◆ EXERCISE
If a record holds a picture, omit that picture and copy everything else exactly.
= = = = = = =
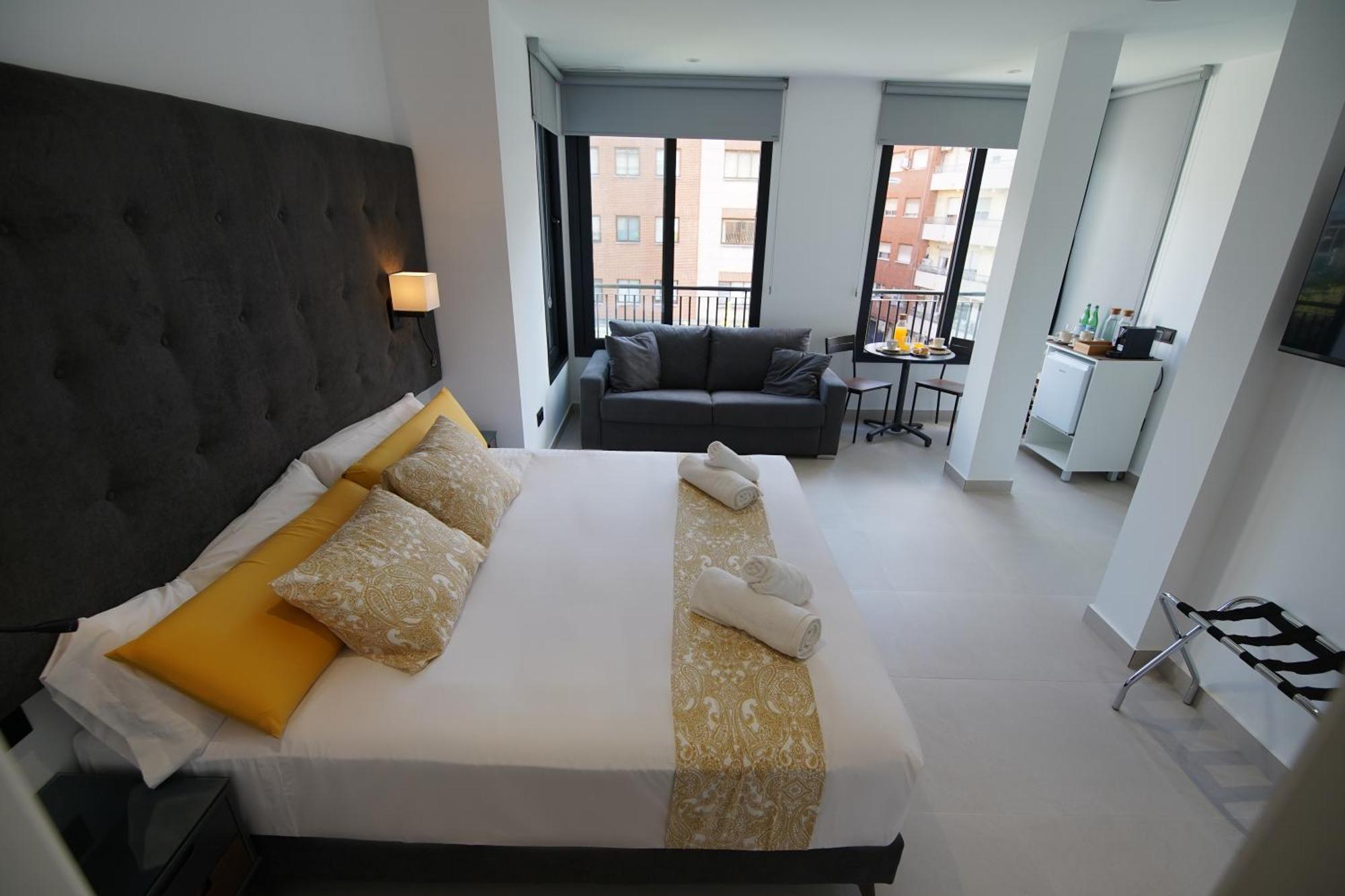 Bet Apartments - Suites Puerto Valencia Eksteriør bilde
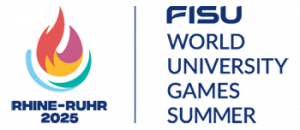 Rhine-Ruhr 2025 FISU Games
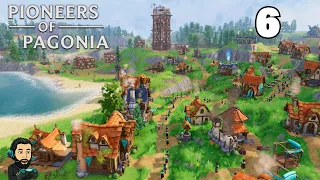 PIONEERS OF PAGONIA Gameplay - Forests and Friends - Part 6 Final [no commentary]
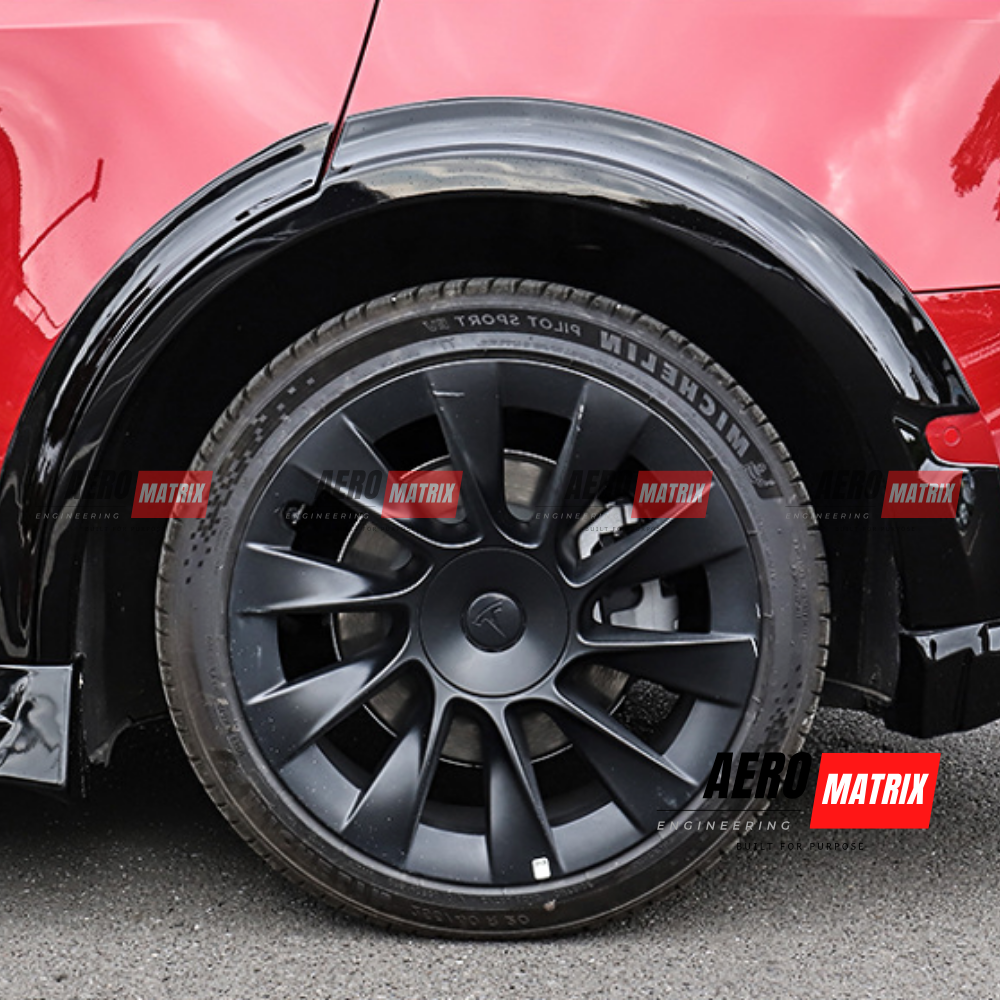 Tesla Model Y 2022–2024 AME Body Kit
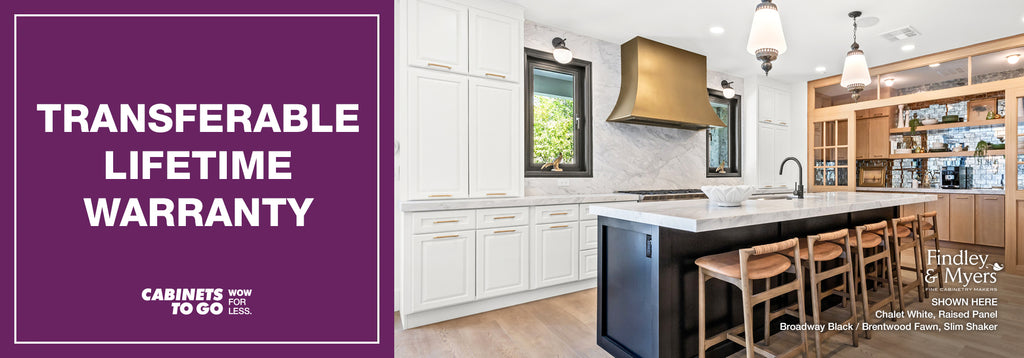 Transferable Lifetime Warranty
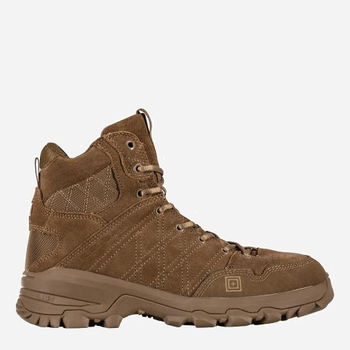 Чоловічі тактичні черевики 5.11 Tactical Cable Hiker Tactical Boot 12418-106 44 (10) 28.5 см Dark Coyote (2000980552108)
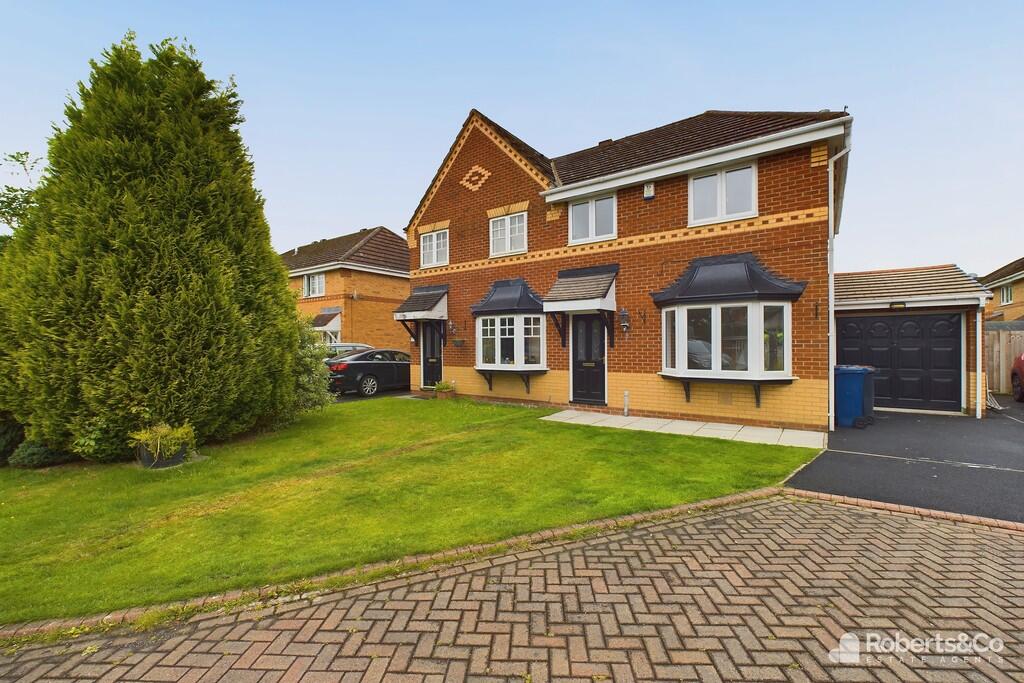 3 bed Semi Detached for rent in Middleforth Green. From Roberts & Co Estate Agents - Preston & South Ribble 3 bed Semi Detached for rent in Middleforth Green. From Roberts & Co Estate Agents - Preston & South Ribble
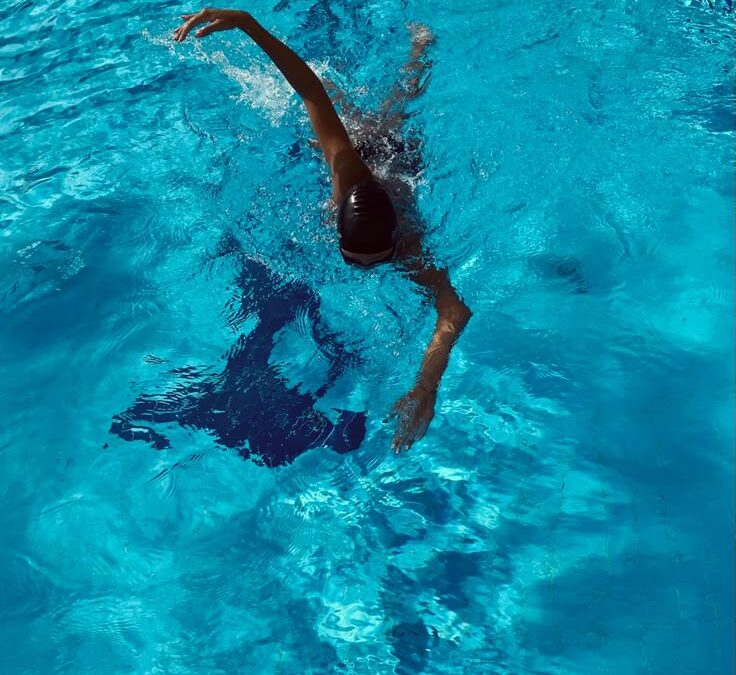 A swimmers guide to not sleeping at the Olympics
= = = = = = =
◆ ANSWER FOR THIS EXERCISE
 Bet Apartments - Suites Puerto Valencia Eksteriør bilde
 Rhine-Ruhr 2025 FISU Games
 PIONEERS OF PAGONIA Gameplay - Forests and Friends - Part 6 Final [no commentary]
 Tesla Model Y 2022–2024 AME Body Kit
 Transferable Lifetime Warranty
 Чоловічі тактичні черевики 5.11 Tactical Cable Hiker Tactical Boot 12418-106 44 (10) 28.5 см Dark Coyote (2000980552108)
 3 bed Semi Detached for rent in Middleforth Green. From Roberts & Co Estate Agents - Preston & South Ribble 3 bed Semi Detached for rent in Middleforth Green. From Roberts & Co Estate Agents - Preston & South Ribble
 A swimmers guide to not sleeping at the Olympics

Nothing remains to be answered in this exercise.